Did you know that late spring and early summer is the best season to peel bark off of a tree? As such, it was the ideal time for local Native American communities to build and repair their traditional dwellings, crafts baskets, and make cordage for use in tool making and weaving fishing nets. As part of Connecticut Trails Day Weekend, join Museum Educator and Ecologist Susan Scherf from the Institute for American Indian Studies in Washington, CT for a guided walk focusing on the lessons of local plants and trees, including traditional uses of bark in Native American communities. The group will return to the museum’s 15th Century Replicated Algonkian Village for a hands-on experience utilizing locally sourced materials.

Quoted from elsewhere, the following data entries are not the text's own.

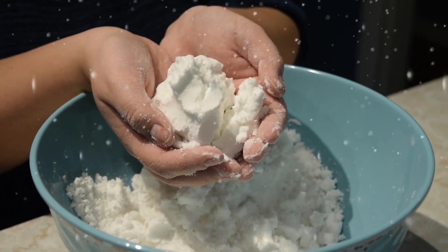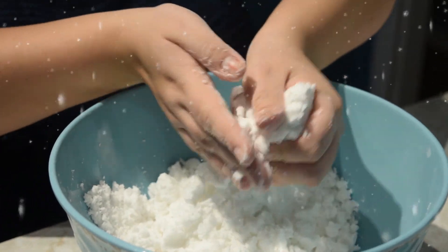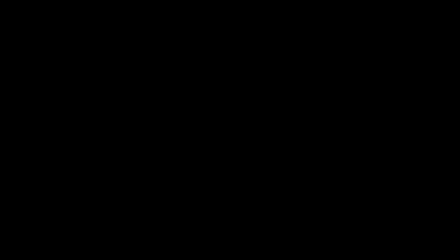Now you have some fake snow that feels like real snow that you can play with inside.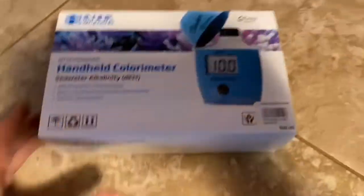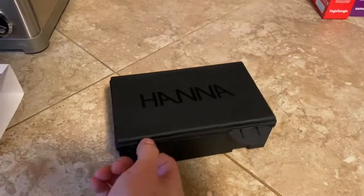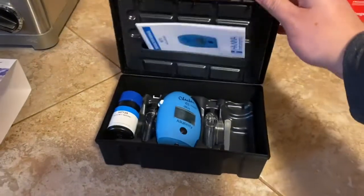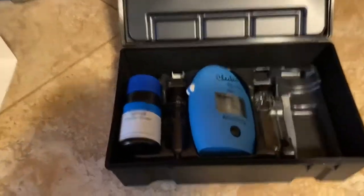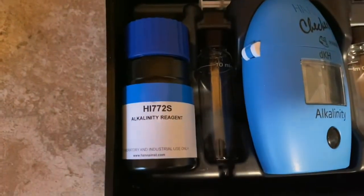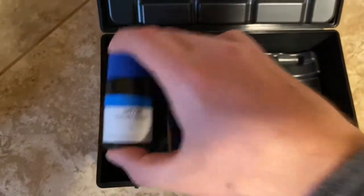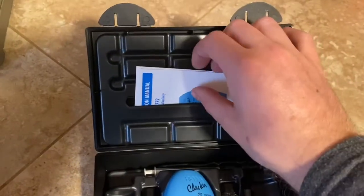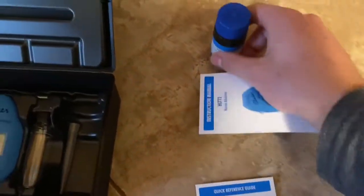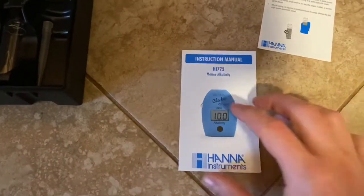I have to say I'm impressed with the packaging — it's in a really nice hard black box that looks like it's going to hold up well. Inside you'll see the reagent we're going to use, the actual tester, a couple of vials, a syringe in the back, the tip of the syringe, the instruction manual, and a quick guide which makes going through the instructions easier.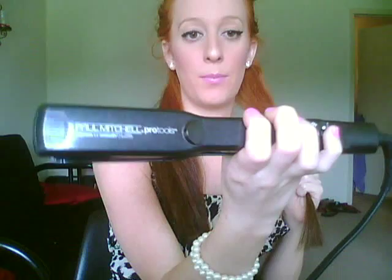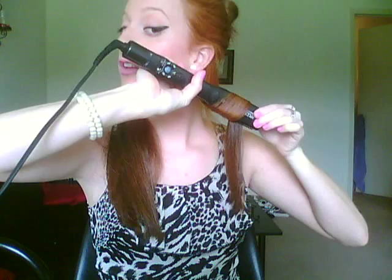You are going to take a piece about an inch wide and take your flat iron — I'm using the Paul Mitchell Pro Tools. It's really good because it has a swivel cord so it won't get all twisted. You're going to clamp at the top, pull down about two inches, and then roll the straightener under and turn it. It's going to look like this, and then you're just going to pull down. The slower the better, and then it creates a perfect curl.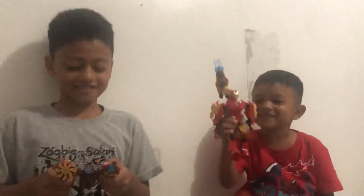Look at this Iron Man toy. And look at this big...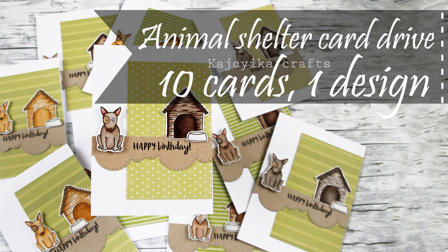Hi there! It's Kaya from Kajiko Crafts and today we will be making 10 cards with just one design, because I will be giving away these cards to my friend Dasha who is having a card drive for her animal shelter where she got her dog. I will include the link to the card drive in the description box below, so please check it out and send some cards.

Please wear sturdy footwear and meet at the front of the museum, located at 38 Curtis Road off of Route 199. Although this hike will only be about 1 mile, participants should be aware that portions of the trail can be steep.
Pre-registration is encouraged. Please email events@iaismuseum.org to register. You can also email or call (860) 868 0518 with any questions.

This is a free event, but does not include museum admission: $12 for Adults, $10 for Seniors, $8 for children.

Event Leader(s)

Susan Scherf - The Institute for American Indian Studies

(860) 205-7156

events@iaismuseum.org

Rain Date

N/A

Organization Partners

Meeting Location Details

The Institute For American Indian Studies, 38 Curtis Road, Washington, CT

Meet at picnic tables outside the museum. Look for the last driveway on your right at the end of Curtis Road to find the parking lot.